Our legislature has recognized that a defendant has certain rights at criminal proceedings, including pretrial proceedings. In an attempt to safeguard those rights, our legislature has mandated the enactment of rules prior to the use of closed circuit television at pretrial proceedings. Contrary to this legislative mandate, the courts of the Third District have allowed the use of closed circuit television systems at pretrial proceedings without first enacting the required rules.

This court acknowledges that the circuit court failed to adopt the rules required by our legislature. This court also acknowledges that arraignment and jury waiver are critical steps in a criminal proceeding. Lastly, this court acknowledges that the closed circuit television system used at defendant's arraignment and jury waiver impacted negatively on defendant's right to counsel. Contrary to these findings, however, this court upholds the circuit's court's use of closed circuit television at defendant's arraignment and at jury waiver.

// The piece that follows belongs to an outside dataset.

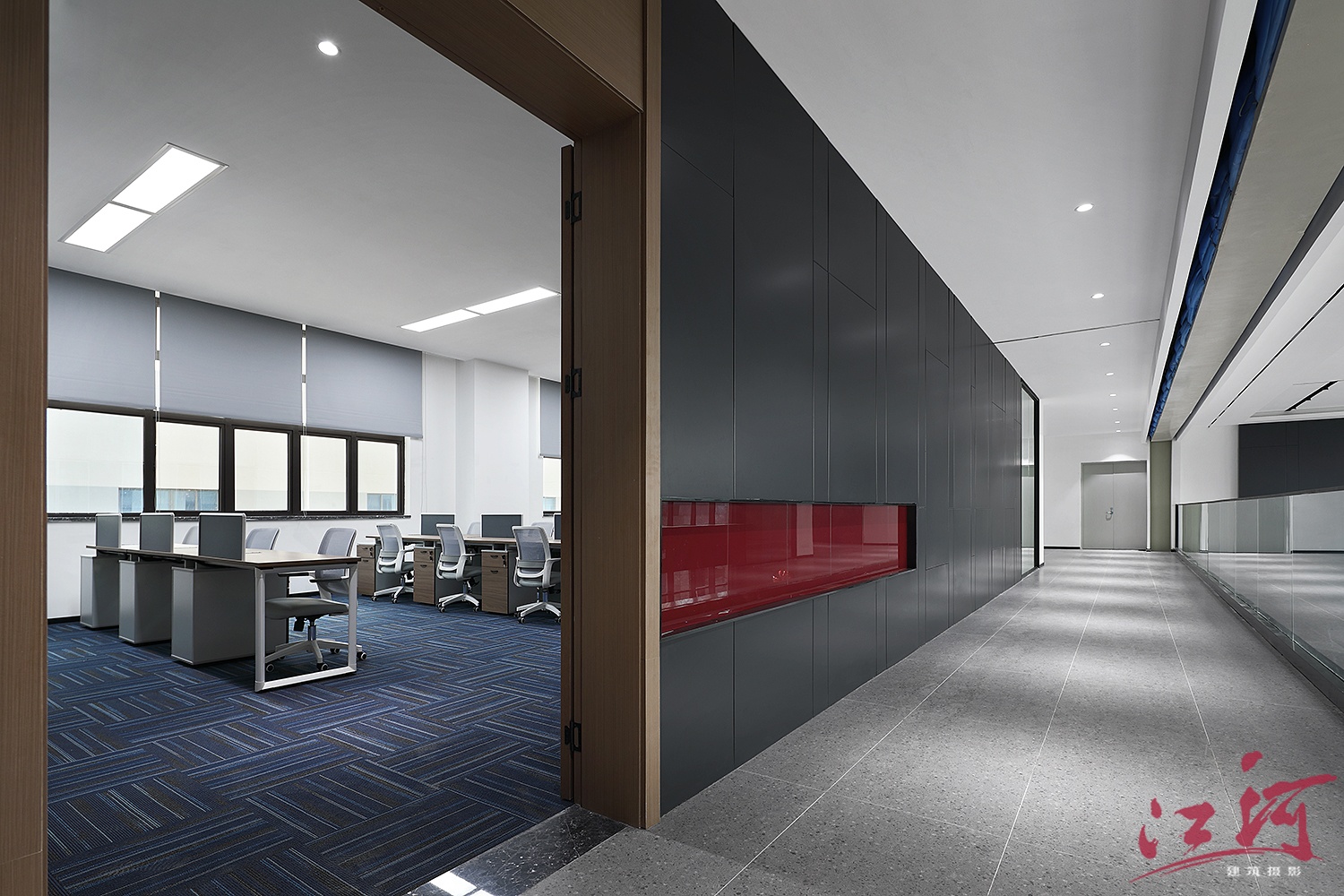 珠海办公楼拍摄 | 现代简约设计风格引领办公空间新潮流-14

This court has a duty to supervise the courts of this state. Where certain rules are required by our legislature, this court should take an active role in ensuring that the rules are adopted. Further, this court has a responsibility for a just result in reviewing a decision of a lower court. In the present case, the court fails in both duties. By affirming defendant's conviction, the court abandons the goal of a just result. Also, the court countenances the circuit court's failure to comply with the legislative mandate. Today's decision provides little incentive for our circuit courts to obey the legislature and defeats the legislature's attempts to safeguard the rights of those accused of crimes. I respectfully dissent.

CHIEF JUSTICE HARRISON and JUSTICE KILBRIDE join in this dissent.